Clemence has to make an appointment to call her older sister, who is more difficult to reach than anyone else Clemence knows.

The kids are back to school now, which means that Prudence is up to her ears in lesson plans and glitter glue, and when she’s not running the home-school, she’s sleeping, which makes it sound like Prudence is avoiding her, but Prudence is so occupied that she doesn’t even have time to avoid her sister, because she’d have to go out of her way to do that.

Bonnie coordinates the whole thing, letting Clemence know that Pru is available on Tuesday morning at six thirty, and so Clemence has to set an alarm for the for the first time in months.

Usually the church bells are what manage to rouse her in the mornings (oranges and lemons), and they don’t start until eight o’clock.

Prudence answers, and the first thing Clemence says is, “I’m sorry.

” They haven’t spoken since the wallpaper stripping.

Alvin Puddicombe’s index will be finished by the end of the week, and Clemence is proud of her work, that it might be the most subversive index in the history of indexing.

Anyone who reaches the book’s conclusion and imagines the poet’s violence and misogyny excused will find otherwise within the pages that follow: B is for buffoonery; M is for moral standards (lax); P is for the poems that Puddicombe plagiarized from his second-last girlfriend (who was called Patricia).

P is also for pragmatism. Clemence hadn’t done anything wrong, but she needs the editing job from Sandro’s colleague.

Prudence is still explaining the extent of this betrayal. “When I confide in you, it’s confidential. I told you not to tell anyone, and especially not Grace. This is tough for her. I know it is.”

“But I didn’t tell Grace,” says Clemence. She never tells Grace anything. She shouldn’t even speak to Grace, because look where it gets her. “She already knew—Mom told her. It’s Mom you shouldn’t have confided in.”

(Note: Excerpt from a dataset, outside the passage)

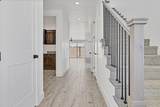 299 Firerock Way - Photo 8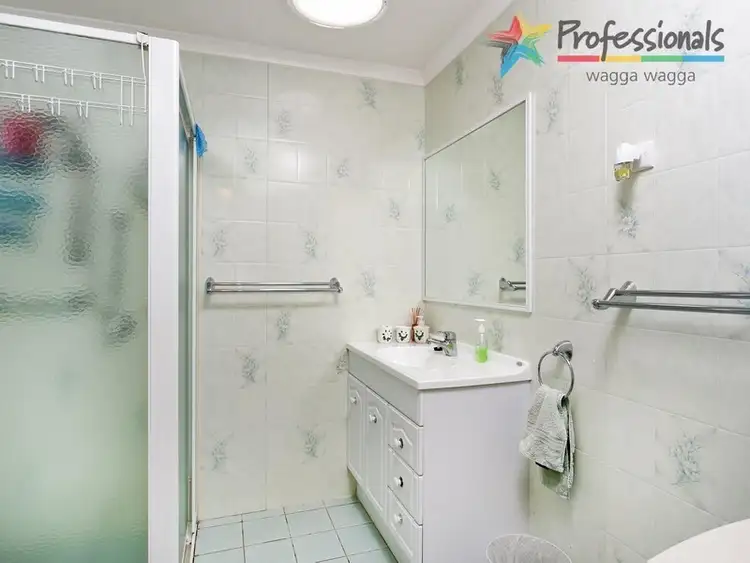 Seventh view of Homely house listing, 11 Oates Avenue, Wagga Wagga NSW 2650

“But Mom wasn’t the one who told Grace that I didn’t want this baby. You made me sound callous, Clemence. That was never what I said.”

“And I never told her that,” says Clemence.

“I know you’re not callous. I would never have said anything at all, but she just got me on the phone, and I thought everything was all out in the open.

I misjudged. And I’m sorry.” She’d said it twice.

And she was sorry. But she also needed this to be over. “And you know how she twists things.”

“I do,” says Prudence, after a pause. So they’re on the same side again. “Maybe I overreacted.” Clemence lets this stand. “I’m actually looking forward to it, you know. This baby. One more go-around. Sandro says he’s getting a vasectomy. He said our fertility awareness is lacking.”

“He’s not wrong.”

“And he mentioned it to his doctor, who asked him if he was really sure. She told Sandro to think of any future partners and what they might want.”

“How many families is Sandro going to have?” asks Clemence.

“He’s determined that ours will be his final one. He says any future partners will have to lump it. That they’ll probably be busy wrangling the scads of children I’ve born to him, anyway.”

“And where will you be?” asks Clemence.

“Hopefully sipping a stiff drink on a tropical island. Anyway, I suppose you’ll want to know about this editing job …”

And for the sake of family harmony, Clemence pretends not to know what her sister is talking about as she scrambles for a pen and paper to write down the details.